これは一例だけど、誰にでもそんな経験はあると思う。「似合う」の不思議さについて、15年ほど服作りに携わりながら、その隙間で考えてきた。つぶやきでもなく、メモでもインタビューでもなく、こうして考えを綴ること自体レアケースなのだが、良い機会をいただいたので、未熟ながらその断片を繋げておきたい。

やや先回り気味に結論を置いておくと、「似合う」はどうやら人と物の間には成り立っていない。彼の家族がどこか浮足立った白シャツ姿を不自然に感じてしまうように、「似合い」は、見る人次第でひらひらと反転する。じゃあ人と服が「似合って」いないのだとしたら、そのとき私たちは何を見ているのか。
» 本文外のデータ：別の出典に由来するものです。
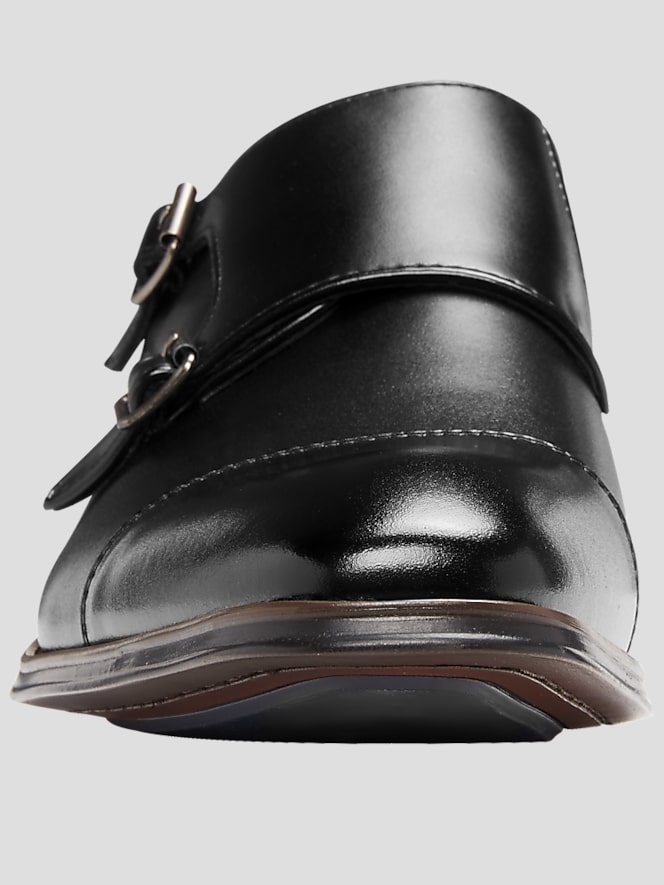 Stacy Adams Bayne Leather Cap Toe Double Monk Strap Dress Shoes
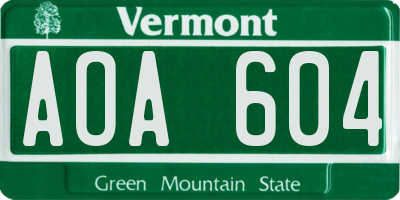 VT license plate AOA604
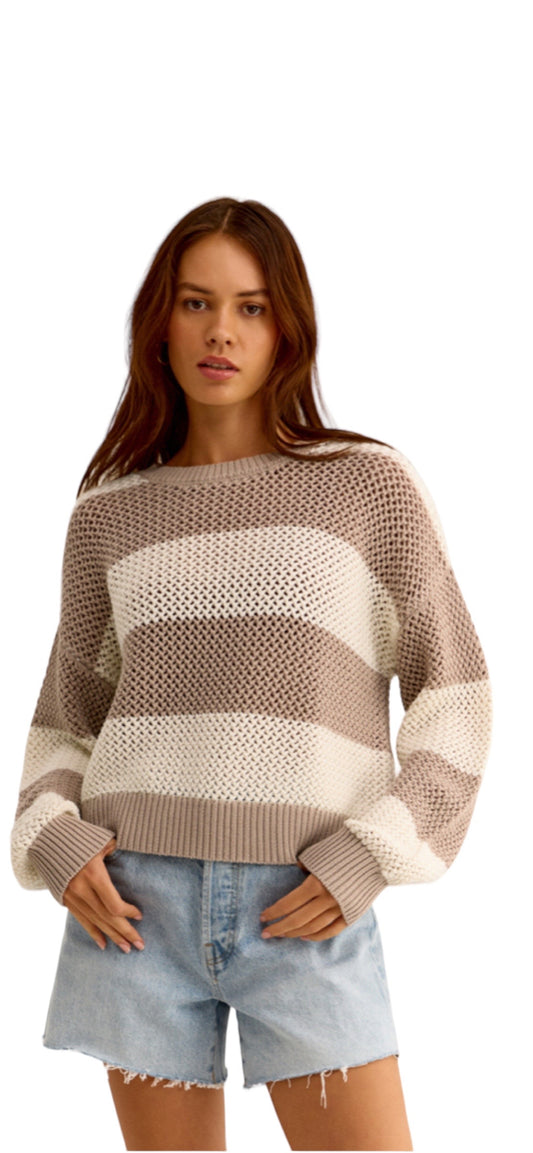 Beige and White Striped Crochet Sweater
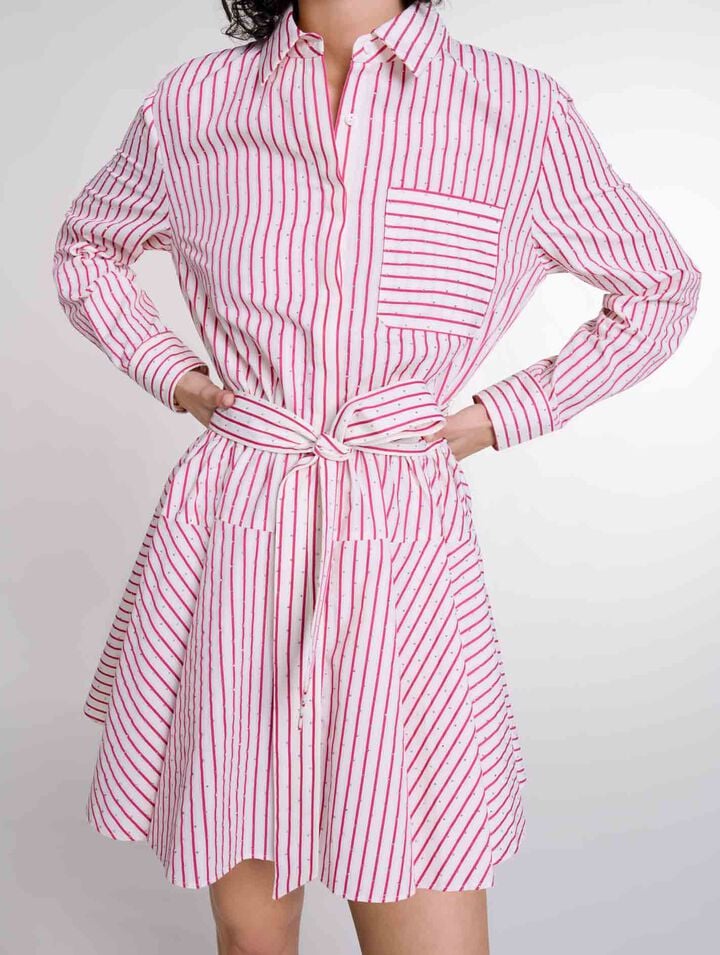 Robe courte à rayures et strass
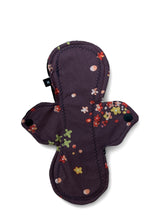 Load image into Gallery viewer, 10 inch heavy absorbency reusable pads, sanitary napkins, reusable pads, burgundy floral, organic cotton topper,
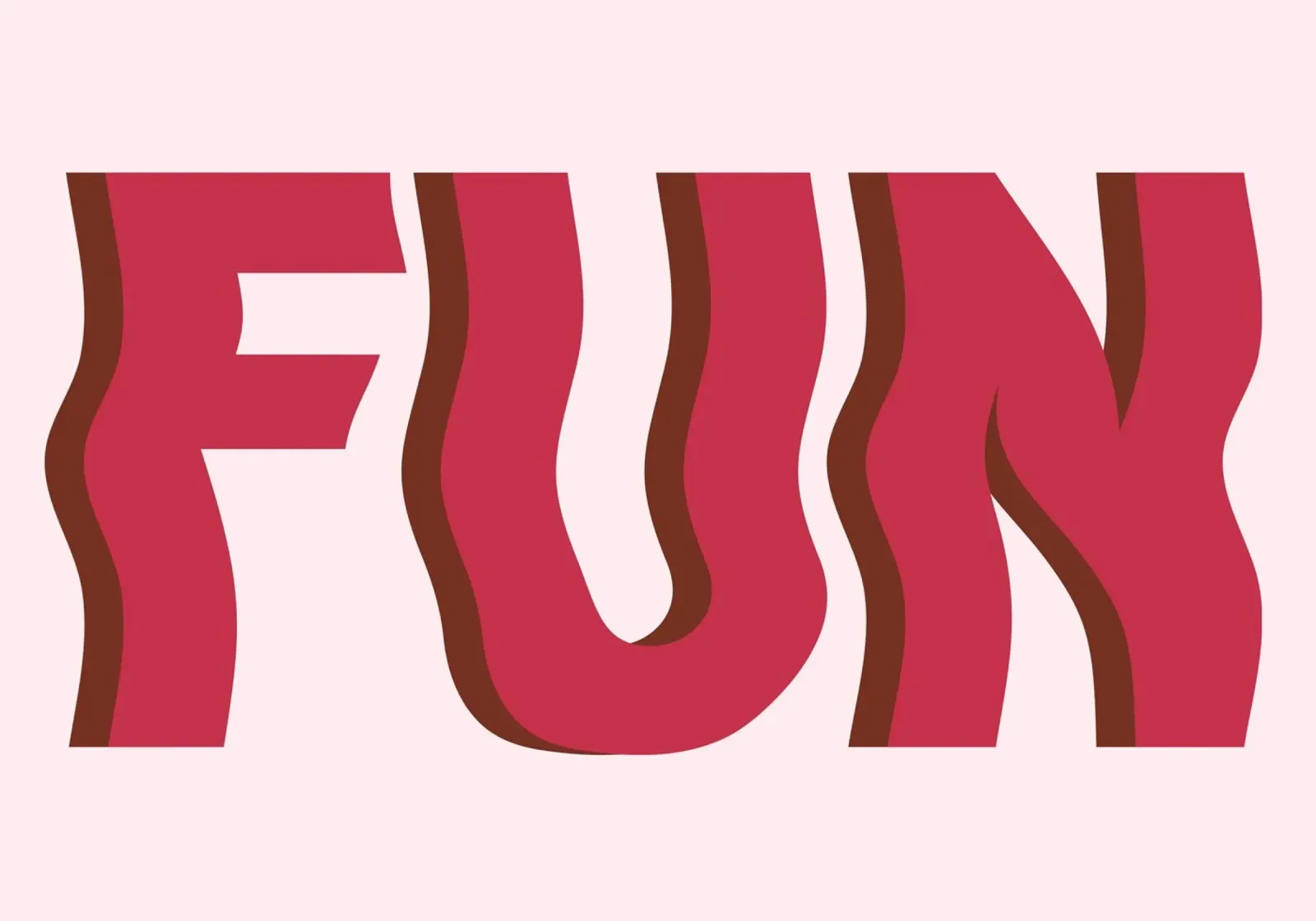 FUN. Bold Wavy Red Typographic Minimalist Print canvas by homdeco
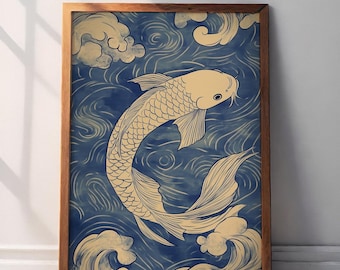 Koi Fish Japanese Art Print: Vintage Japandi Gallery Wall Decor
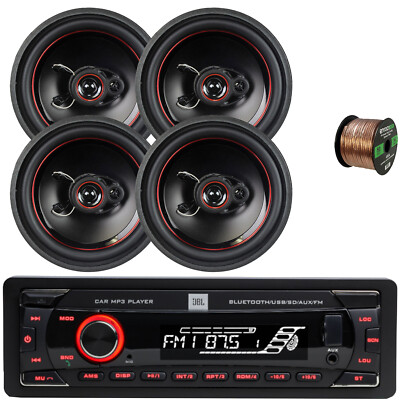 JBL Single-DIN Bluetooth FM SD/MP3 Stereo, 4x 6.5'' 330W Max Tri Axial Speakers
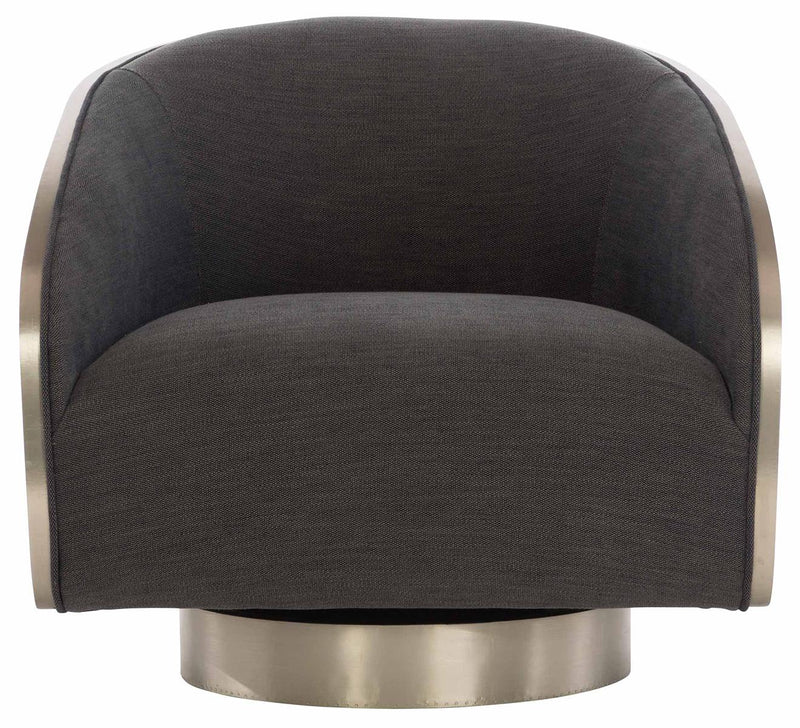 Interiors Miles Swivel Chair in German Silver N6713S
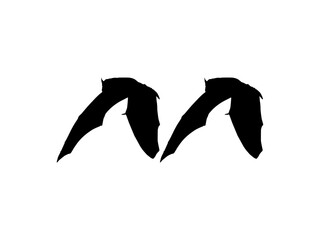 Silhouette of the Pair of Flying Fox or Bat for Art Illustration, Icon, Symbol, Pictogram, Logo, Website, or Graphic Design Element. Vector Illustration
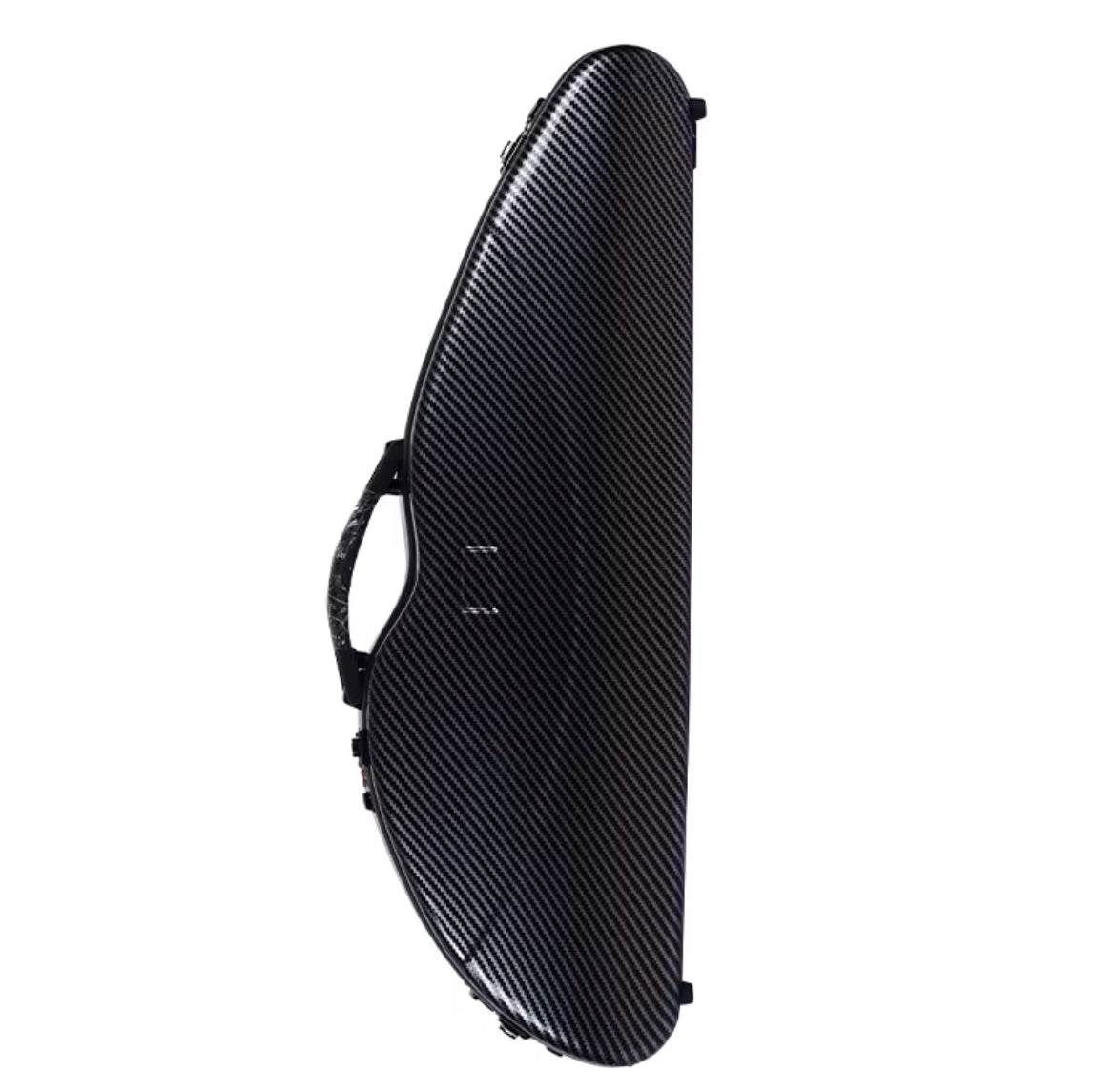 Polycarbonate half moon violin case in red, black, and white check finishes
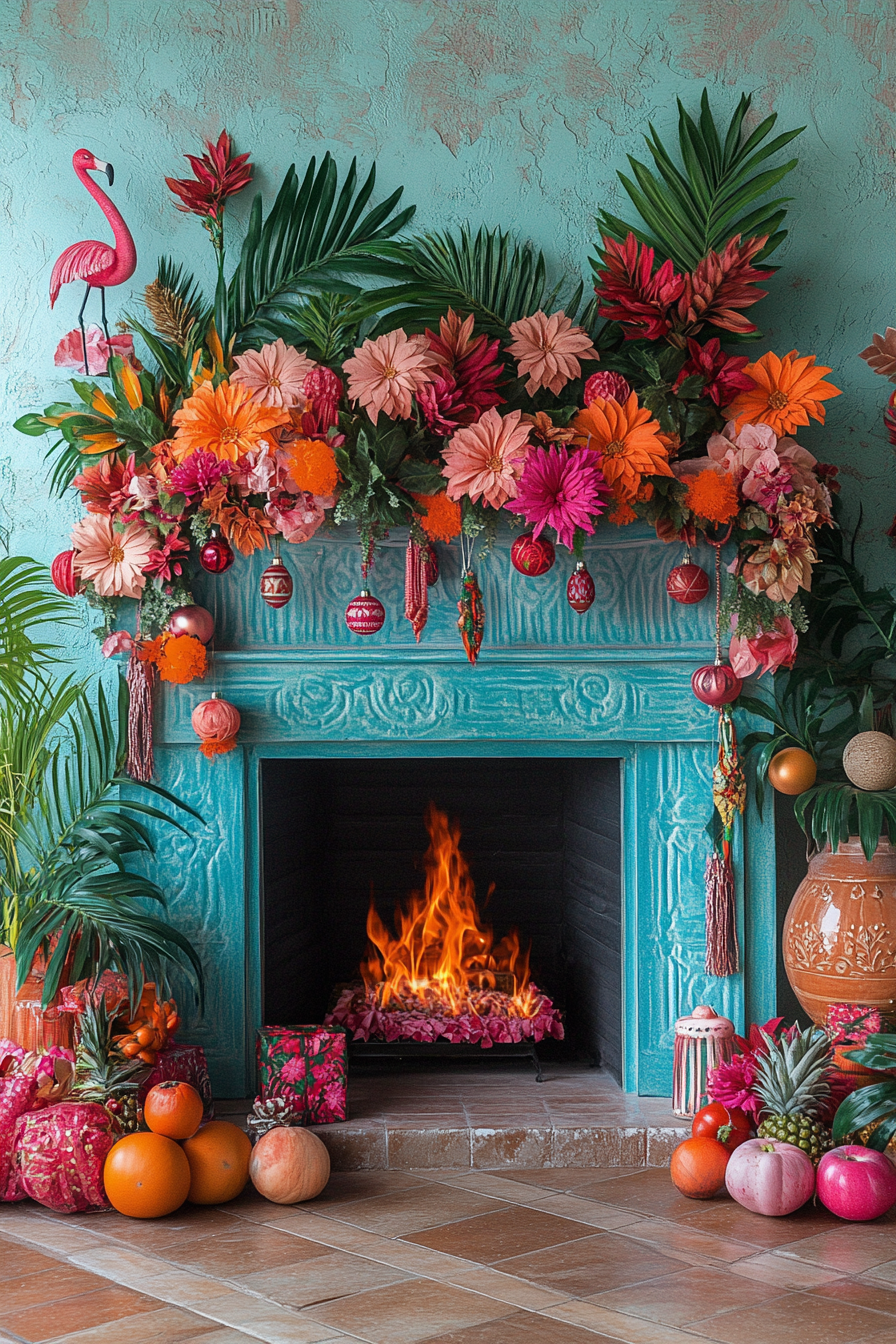 Tropical Christmas Fireplace Bursting with Festive Color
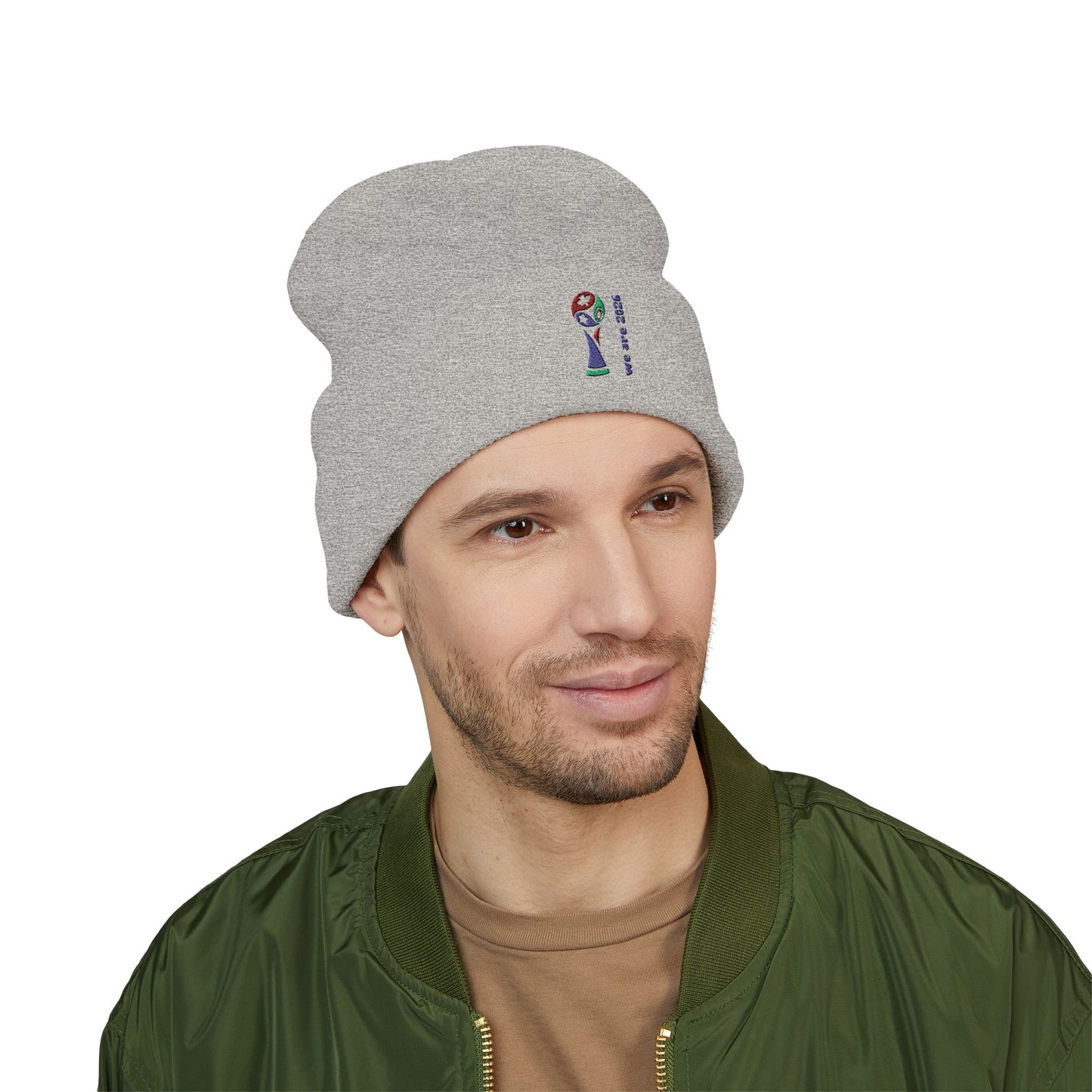 Embroidered 2026 World Cup Trophy Beanie — Soccer Fan Cuffed Knit Hat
そもそも「似合う」は不思議な表現で、多くの場合、褒め言葉だけど、「〜くらいがお似合いだ」と皮肉まじりに伝わってしまうこともある。なんだったら、初対面の人から「その上着、お似合いですね!」と言われると、どこか身構えてしまう。それほど互いのことも知らないのに、なにを手がかりにと。必ずしもお洒落とか粋を意味するものでもないし、素直に肯定を示す表現とは言えない。
彼の家族が、彼のシャツ姿を「似合っていない」と感じたのはなぜだろう。普段カジュアルなスタイルばかりだったのに、突然身だしなみに気を使っているように見えたから? あるいは長髪に白シャツだと、性格が真逆の、別の誰かが重なって見えたかもしれない。

「似合い」は着た人⇔服の間の、閉じた関係のことじゃなさそう。おそらく、見る人=観測者の中の出来事のように思える。自分自身は、姿見を前に「似合う」と感じられるんだっけ。次回も続けて考えてみたい。